What are the implications of the Rs 557 crore Mahira Group asset attachment?

Synopsis
Key Takeaways
- ED provisionally attached assets worth Rs 557.43 crore in the Mahira Group case.
- Investigation initiated based on FIRs for cheating and forgery.
- Over Rs 616 crore collected from homebuyers for projects that were not delivered.
- Key figures involved include Sikandar Singh and former MLA Dharam Singh Chhoker.
- Ongoing investigations are expected to reveal more details.
New Delhi, June 28 (NationPress) The Enforcement Directorate (ED) has provisionally attached assets estimated at around Rs 557.43 crore in a significant operation targeting a real estate scam linked to Mahira Group companies.
This action, executed under the Prevention of Money Laundering Act (PMLA), encompasses 35 acres of both residential and commercial properties in crucial sectors of Gurugram as well as fixed deposits totaling approximately Rs 97 lakh.
The case involves Mahira Infratech Pvt Ltd (previously known as Sai Aaina Farms Pvt Ltd), Mahira Buildtech Pvt Ltd, and Czar Buildwell Pvt Ltd. The ED's investigation commenced following multiple FIRs filed by the Gurugram Police concerning allegations of cheating and forgery. These companies are accused of submitting forged documents, including counterfeit bank guarantees, to secure licenses for affordable housing projects in Sectors 68, 103, and 104 of Gurugram.
Over Rs 616 crore was raised from approximately 3,700 homebuyers for these projects, which were never delivered. Instead, the funds were misappropriated, with money being siphoned off through inflated construction costs and fraudulent invoices from associated companies.
The investigation unveiled that the diverted funds were funneled to other group firms as long-standing loans and for personal benefit by the company's directors and promoters.
The ED stated, "The investigation disclosed that the company misappropriated funds by inflating construction costs through fake invoices from affiliated entities. The money was redirected for personal use by the company's directors and promoters."

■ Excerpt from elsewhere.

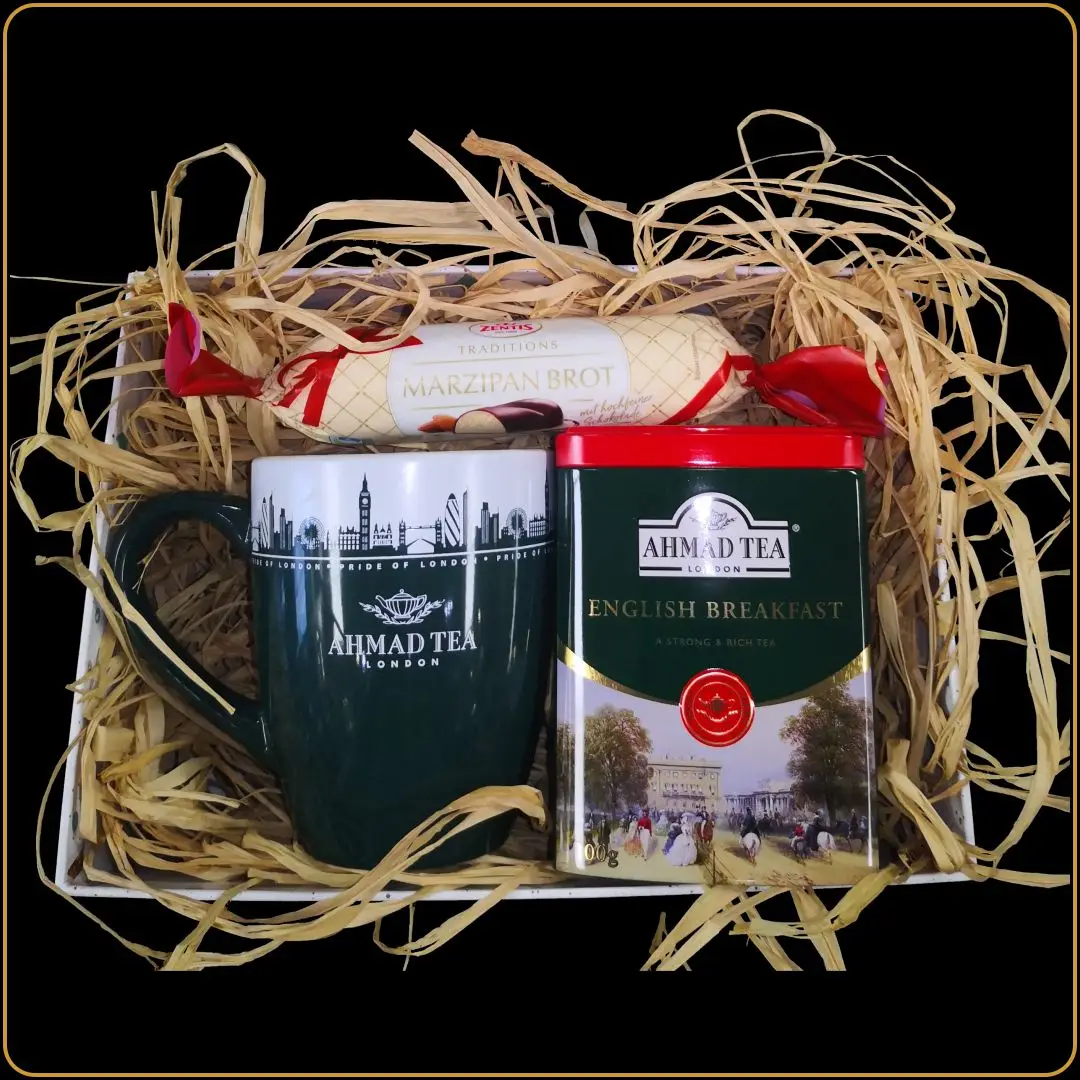 set ahmad sa cajem soljom i marcipanom u poklon kutiji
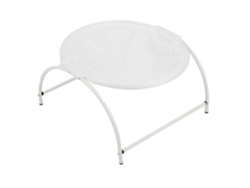 Cama Elevada Para Gatos Y Perros Pequeños, De Acero Inoxidable, Con Lona Blanca Desmontable, Para Interior/exterior.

"Moreover, funds from homebuyers were also transferred to other group entities as loans, which have remained unpaid for years," they added.
Earlier asset attachments in this case on February 15, 2024, and March 26, 2025, were appraised at Rs 81.07 crore.
Key figures such as Sikandar Singh (promoter of Mahira Group), former MLA Dharam Singh Chhoker, and Vikas Chhoker are being scrutinized. Singh was arrested in April 2024, while Chhoker, who had been evading arrest despite six Non-Bailable Warrants, was captured in May this year.
Vikas Chhoker remains at large, and a proclamation has been issued against him by the Special Court in Gurugram, where the case is currently under trial.
The ED has lodged a prosecution complaint, and the court has acknowledged it. The investigation is ongoing, with further developments anticipated as authorities delve deeper into the scam that has left thousands of homebuyers in distress.